• **DATA SECTION**:
--- --- ---

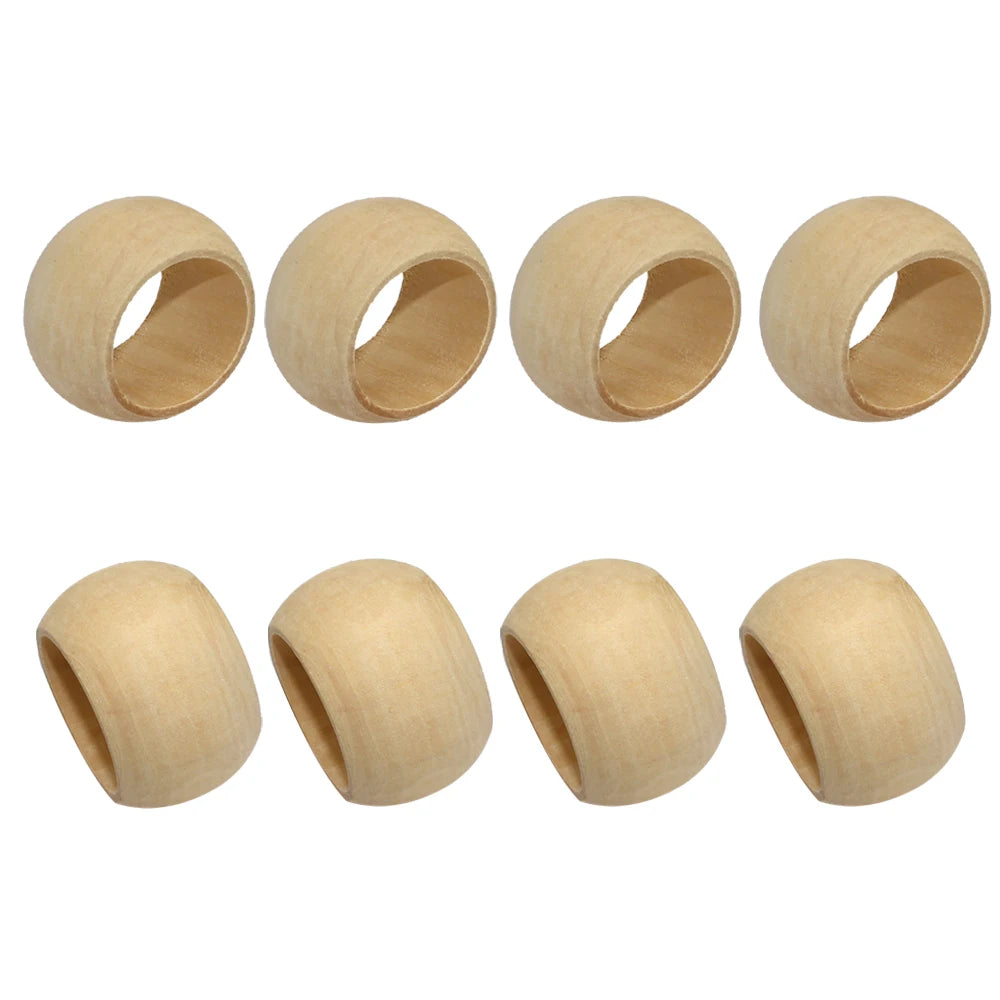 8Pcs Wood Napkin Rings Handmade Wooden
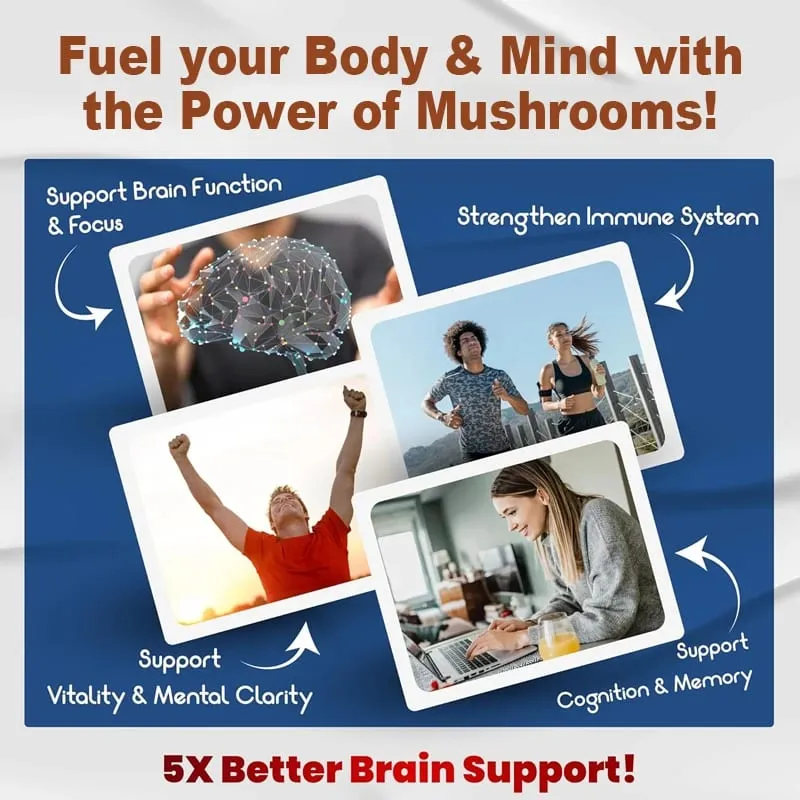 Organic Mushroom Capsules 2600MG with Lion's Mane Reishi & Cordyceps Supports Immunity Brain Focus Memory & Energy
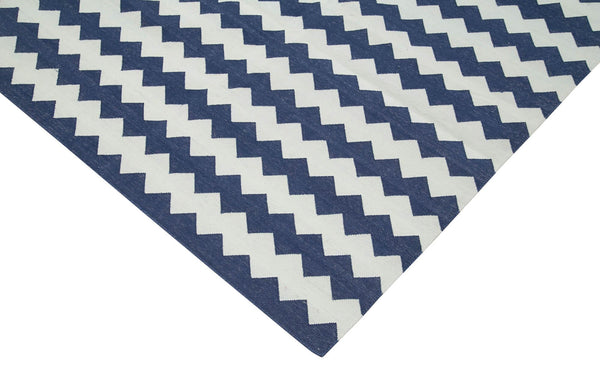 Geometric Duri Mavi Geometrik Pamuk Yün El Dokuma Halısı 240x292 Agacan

--- --- ---

• **WORK TO BE COMPLETED**: Every line above should be duplicated exactly; the pictures are to be left out.

• **SOLUTION TO THIS PROBLEM**:
 8Pcs Wood Napkin Rings Handmade Wooden
 Organic Mushroom Capsules 2600MG with Lion's Mane Reishi & Cordyceps Supports Immunity Brain Focus Memory & Energy
 Geometric Duri Mavi Geometrik Pamuk Yün El Dokuma Halısı 240x292 Agacan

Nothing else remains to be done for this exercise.